After passing the lighthouse on the eastern end of Vancouver Island, Alaskan steamers continue on a northerly course and enter the Gulf of Georgia through Active Pass, between Mayne and Galiana islands. This pass is guarded by a light on Mayne Island, to the steamer's starboard, going north.

The Gulf of Georgia is a bold and sweeping body of water. It is usually of a deep violet or a warm purplish gray in tone. At its widest, it is fully sixty miles—although its average width is from twenty to thirty miles—and it rolls between the mainland and Vancouver Island for more than one hundred miles.

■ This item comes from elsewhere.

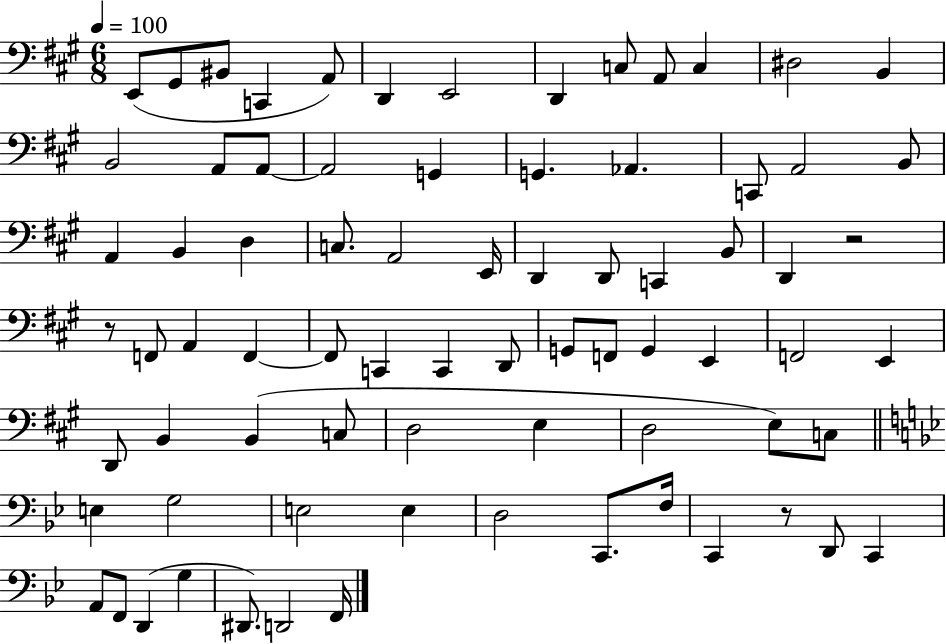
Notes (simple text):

E2/e G#2/e BIS2/e C2/q A2/e D2/q E2/h D2/q C3/e A2/e C3/q D#3/h B2/q B2/h A2/e A2/e A2/h G2/q G2/q. Ab2/q. C2/e A2/h B2/e A2/q B2/q D3/q C3/e. A2/h E2/s D2/q D2/e C2/q B2/e D2/q R/h R/e F2/e A2/q F2/q F2/e C2/q C2/q D2/e G2/e F2/e G2/q E2/q F2/h E2/q D2/e B2/q B2/q C3/e D3/h E3/q D3/h E3/e C3/e E3/q G3/h E3/h E3/q D3/h C2/e. F3/s C2/q R/e D2/e C2/q A2/e F2/e D2/q G3/q D#2/e. D2/h F2/s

The real sea lover will find an indescribable charm in this gulf, and will not miss an hour of it. It has the boldness and the sweep of the ocean, but the setting, the coloring, and the fragrance of the forest-bordered, snow-peaked sea. A few miles above the boundary, the Fraser River pours its turbulent waters into the gulf, upon whose dark surface they wind and float for many miles, at sunrise and at sunset resembling broad ribbons of palest old rose crinkled over waves of silvery amber silk. At times these narrow streaks widen into still pools of color that seem to float suspended over the heavier waters of the gulf. Other times they draw lines of different color everywhere, or drift solid banks of smoky pink out to meet others of clear blue, with only the faintest thread of pearl to separate them. These islands of color constitute one of the charms of this part of the voyage to Alaska; along with the velvety pressure of the winds; the picturesque shores, high and wooded in places, and in others sloping down into the cool shadowy bays where the shingle is splashed by spent waves; and the snow-peaks linked above the clouds on either side of the steamer.

Splendid phosphorescent displays are sometimes witnessed in the gulf, but are more likely to occur farther north, in Grenville, or one of the other narrow channels, where their brilliancy is remarkable.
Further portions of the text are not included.